ABOUT THIS EXERCISE ▸
With pictures left out, output word for word the lines from the one containing "Flower Girl and" through the end of the material below.

.....

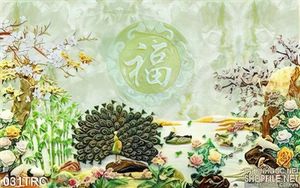 Tranh giả ngọc chim công trang trí phòng khách
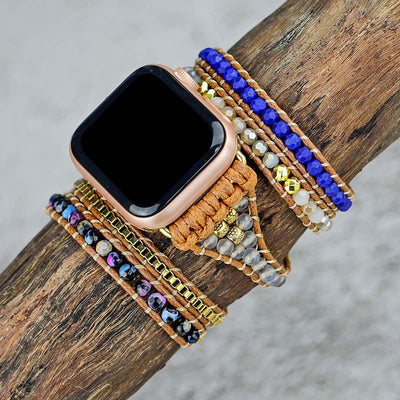 Reloj Tejido con Piedra Natural y Pulsera Coordinada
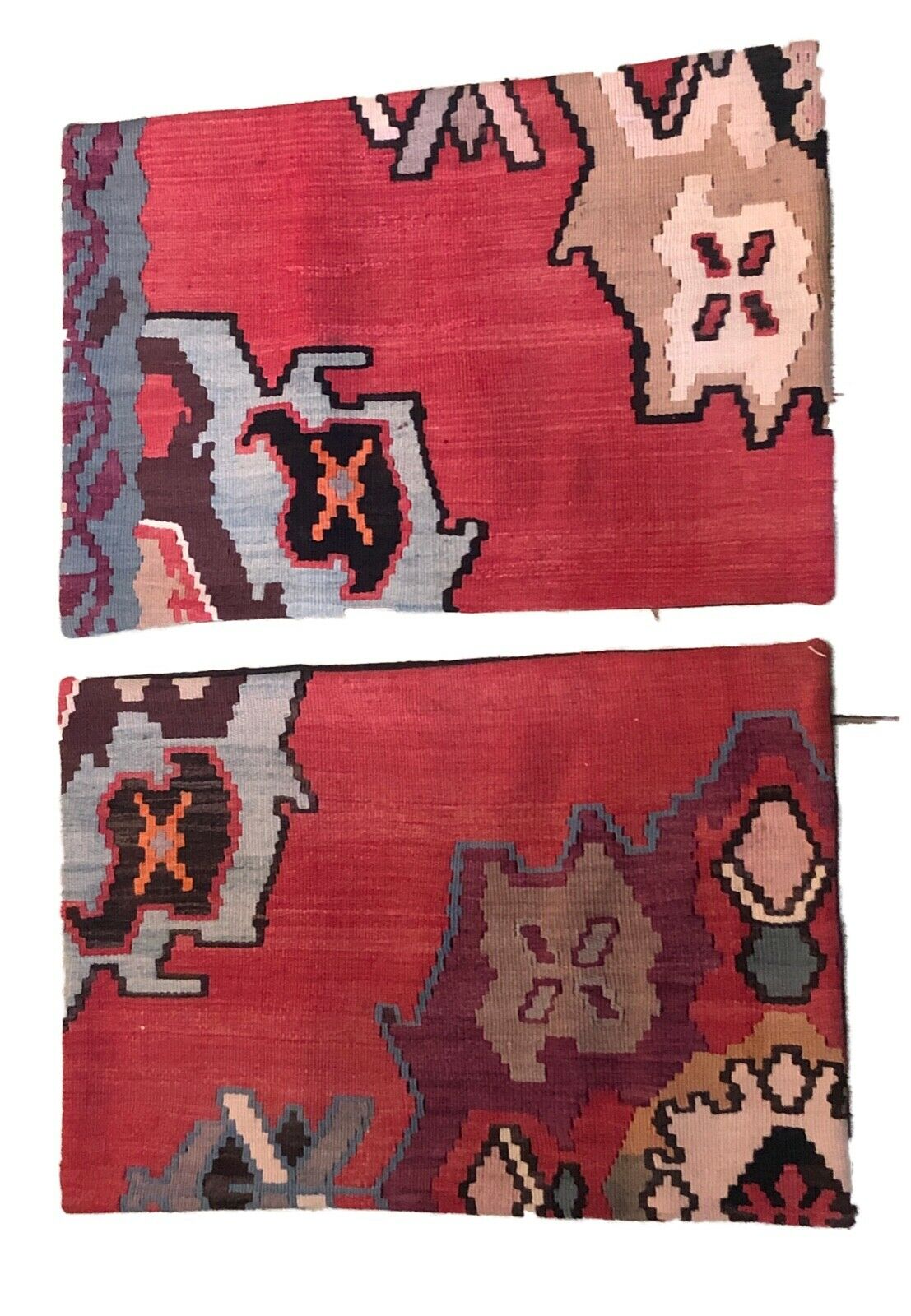 Superb Set of 2 Custom Made Old Turkish  Tribal Kilim Pillows Cover 16" by 24"
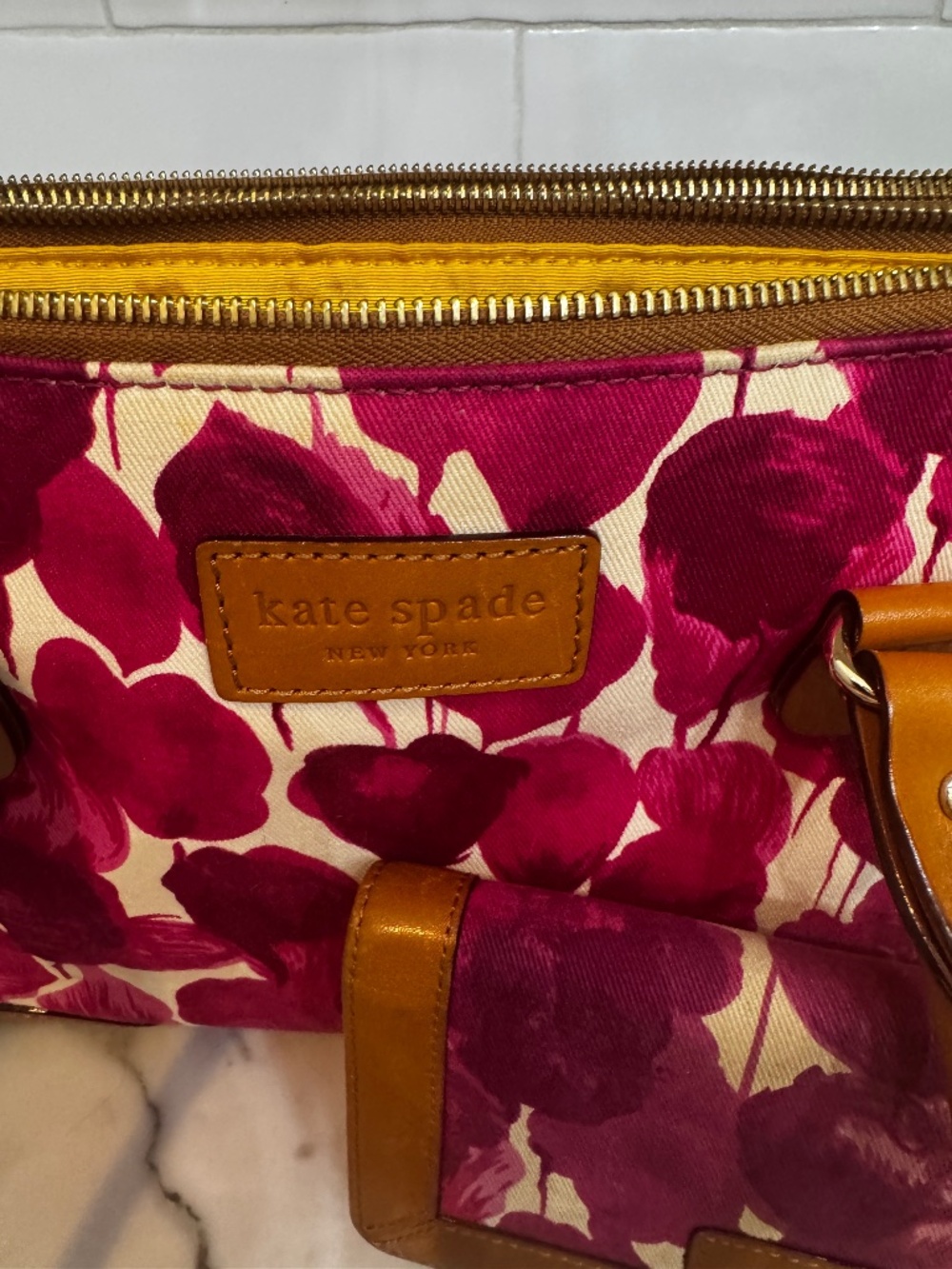 Kate Spade Floral Canvas and Leather Purse with Matching Wallet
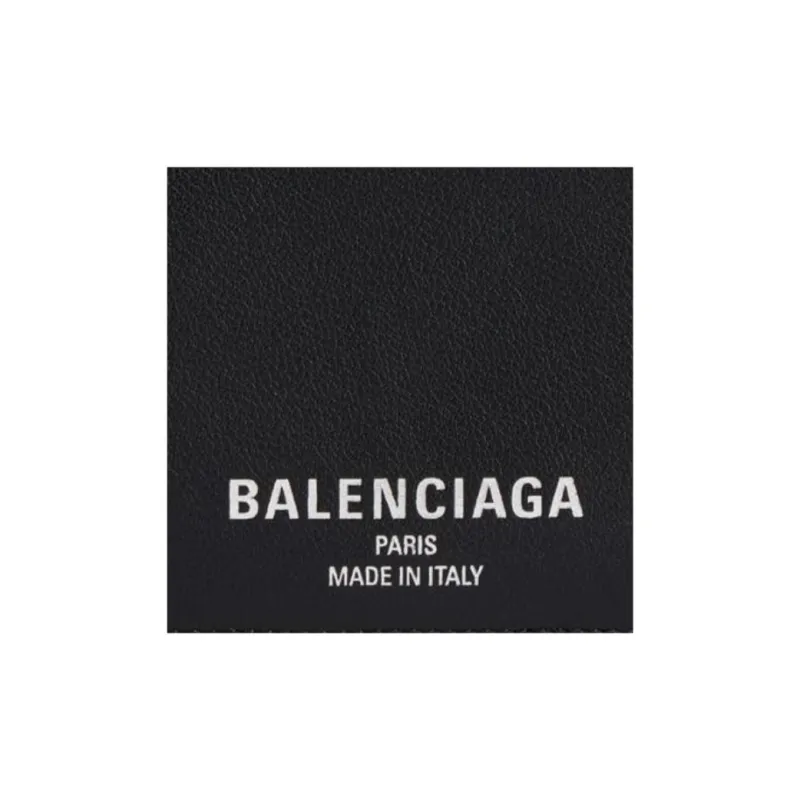 Balenciaga Smooth Calf Leather Card Holder Large Size Men's Black-2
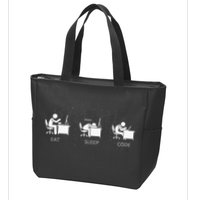 Eat Sleep Code Programmers Design Zip Tote Bag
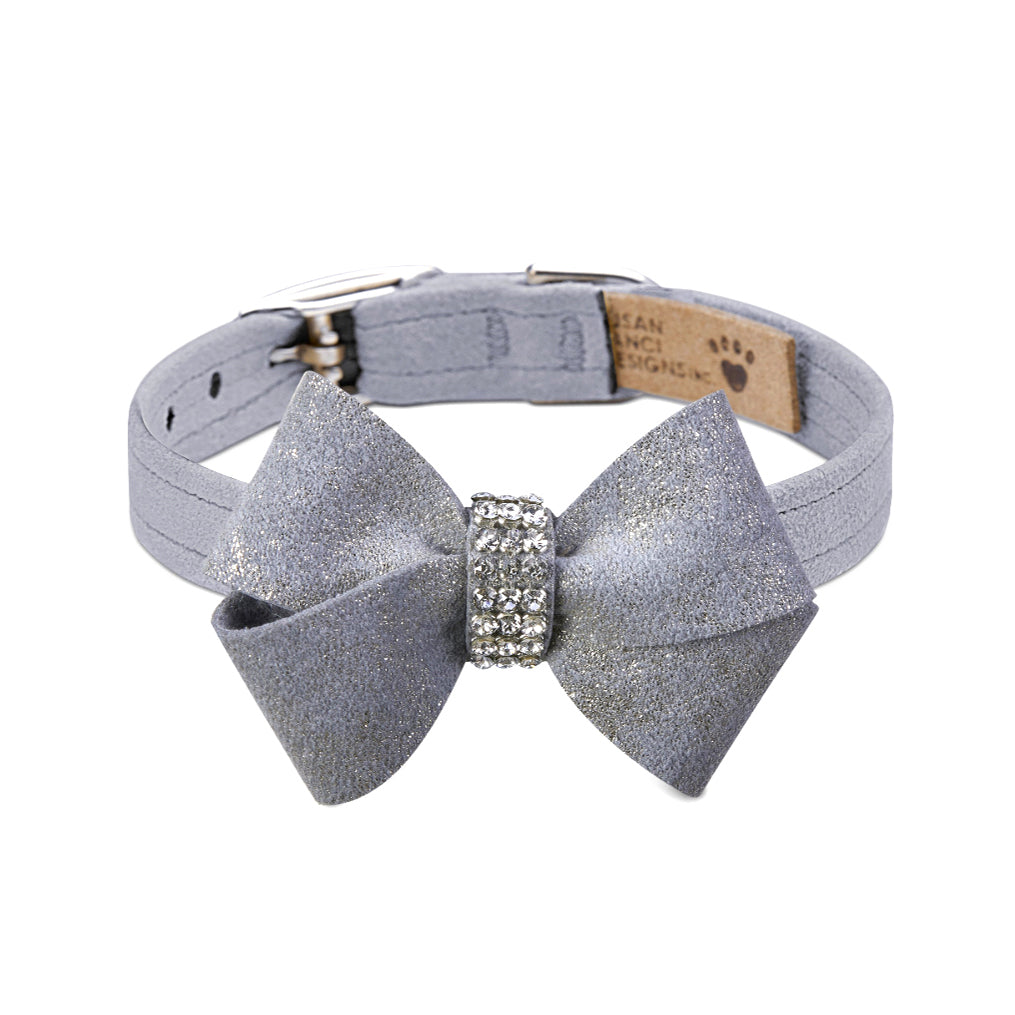 Pet Boutique - Dog Collar - Platinum Glitzerati Nouveau Bow Dog Collar by Susan Lanci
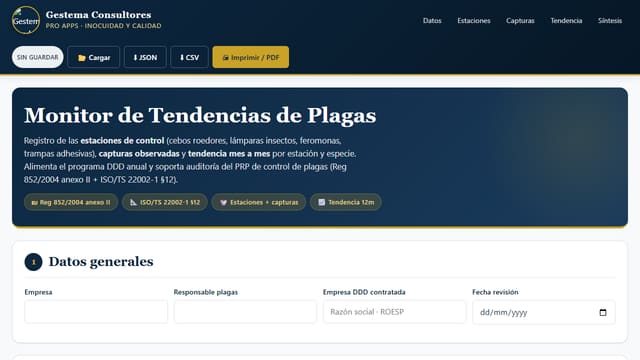 Captura de pantalla de Monitor de Tendencias de Plagas
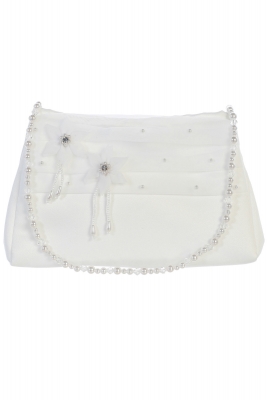 Flower Girl and Communion Purse Style B19- Satin 2 Flower with Pearl Handle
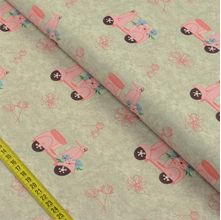 Tecido Estampado para Patchwork - Vintage Trip By Alba Junqueira: Floral Com Vespa (0,50x1,40)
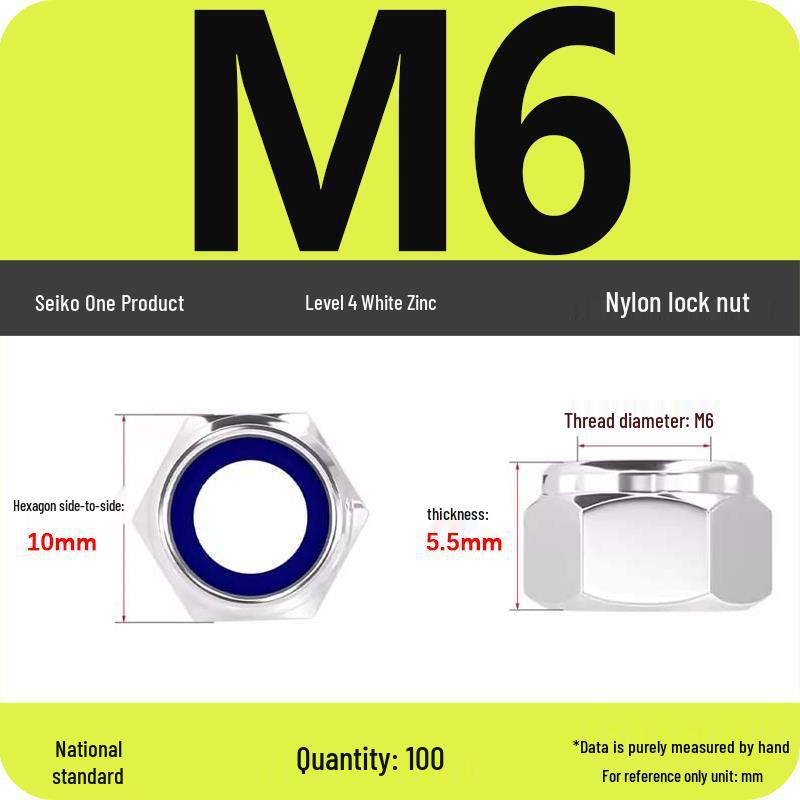 4.8-Grade Galvanized Black Nylon Anti-Loosening Self-Locking Nut for M3-M10 Threads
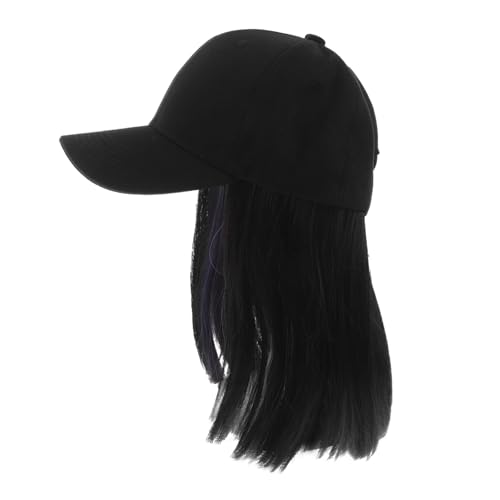 Veemoon Baseball Cap mit Natürlichem Haaransatz Verstellbar Damen Mütze mit Ohrhängern Modischer Look Schwarz für Alltag Party Sport von Veemoon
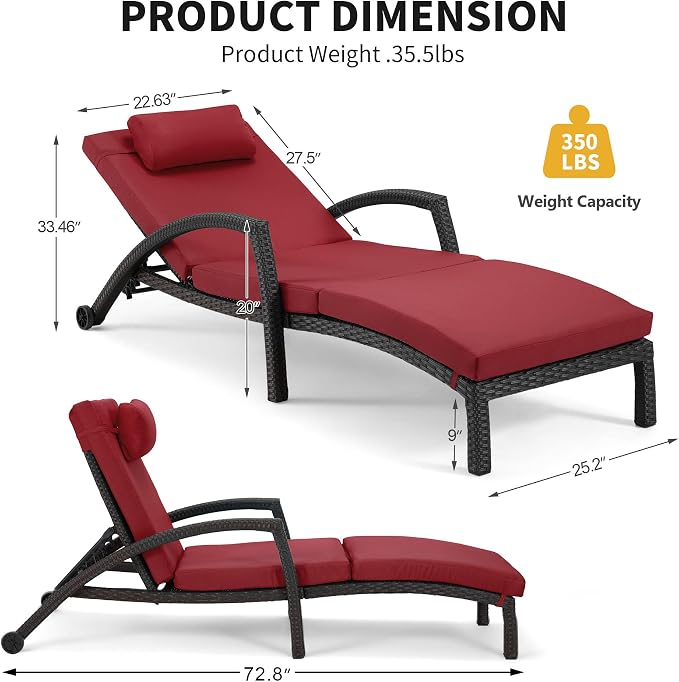HOMREST Chaise Lounge Chairs Set of 2, PE Rattan Wicker Patio Lounge Chair - Image 3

.....

TASK ANSWER ▸
 Flower Girl and Communion Purse Style B19- Satin 2 Flower with Pearl Handle
 Tecido Estampado para Patchwork - Vintage Trip By Alba Junqueira: Floral Com Vespa (0,50x1,40)
 4.8-Grade Galvanized Black Nylon Anti-Loosening Self-Locking Nut for M3-M10 Threads
 Veemoon Baseball Cap mit Natürlichem Haaransatz Verstellbar Damen Mütze mit Ohrhängern Modischer Look Schwarz für Alltag Party Sport von Veemoon
HOMREST Chaise Lounge Chairs Set of 2, PE Rattan Wicker Patio Lounge Chair - Image 3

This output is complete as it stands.